── Material for this task ──
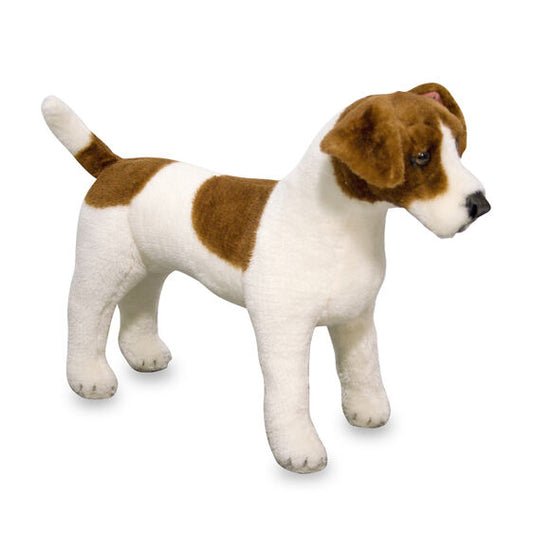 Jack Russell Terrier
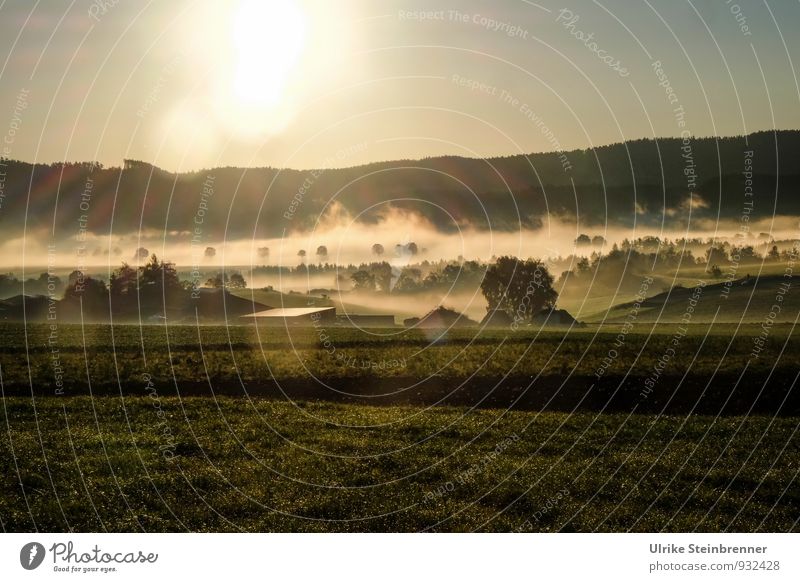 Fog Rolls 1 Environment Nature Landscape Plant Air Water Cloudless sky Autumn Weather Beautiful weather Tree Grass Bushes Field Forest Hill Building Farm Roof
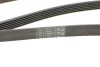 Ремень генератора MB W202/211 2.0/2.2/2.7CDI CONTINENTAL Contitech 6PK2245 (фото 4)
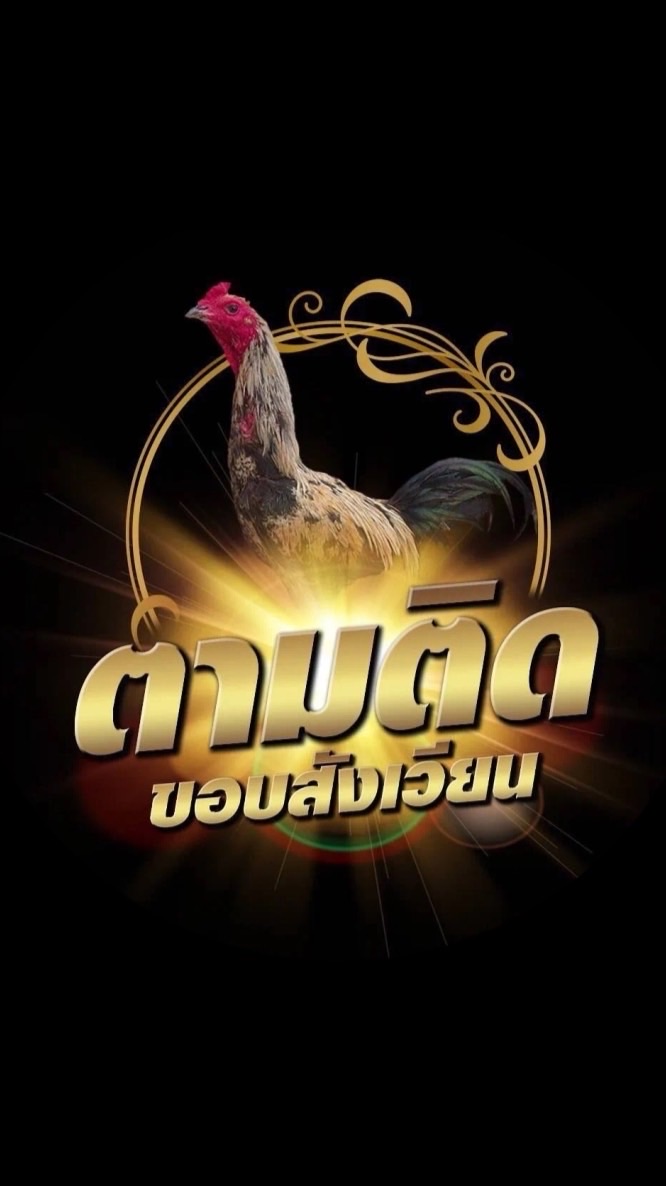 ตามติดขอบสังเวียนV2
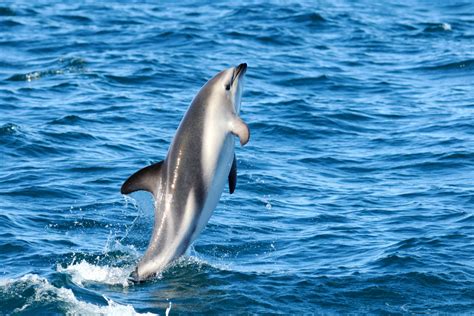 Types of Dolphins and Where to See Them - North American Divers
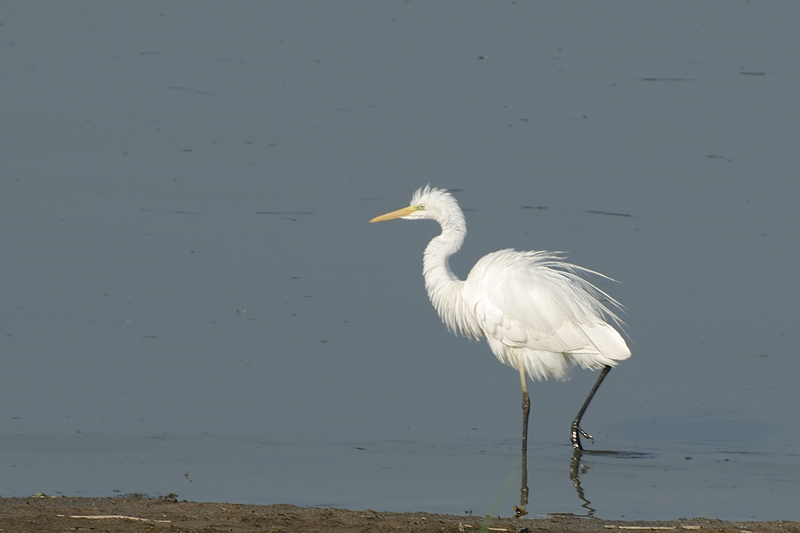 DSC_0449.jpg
───
> [What is expected] Leave the pictures out, and retype exactly the lines from the one containing "Fog Rolls 1" through the last line of the entries above, both included.

> [Result below]
 Fog Rolls 1 Environment Nature Landscape Plant Air Water Cloudless sky Autumn Weather Beautiful weather Tree Grass Bushes Field Forest Hill Building Farm Roof
 Ремень генератора MB W202/211 2.0/2.2/2.7CDI CONTINENTAL Contitech 6PK2245 (фото 4)
 ตามติดขอบสังเวียนV2
 Types of Dolphins and Where to See Them - North American Divers
 DSC_0449.jpg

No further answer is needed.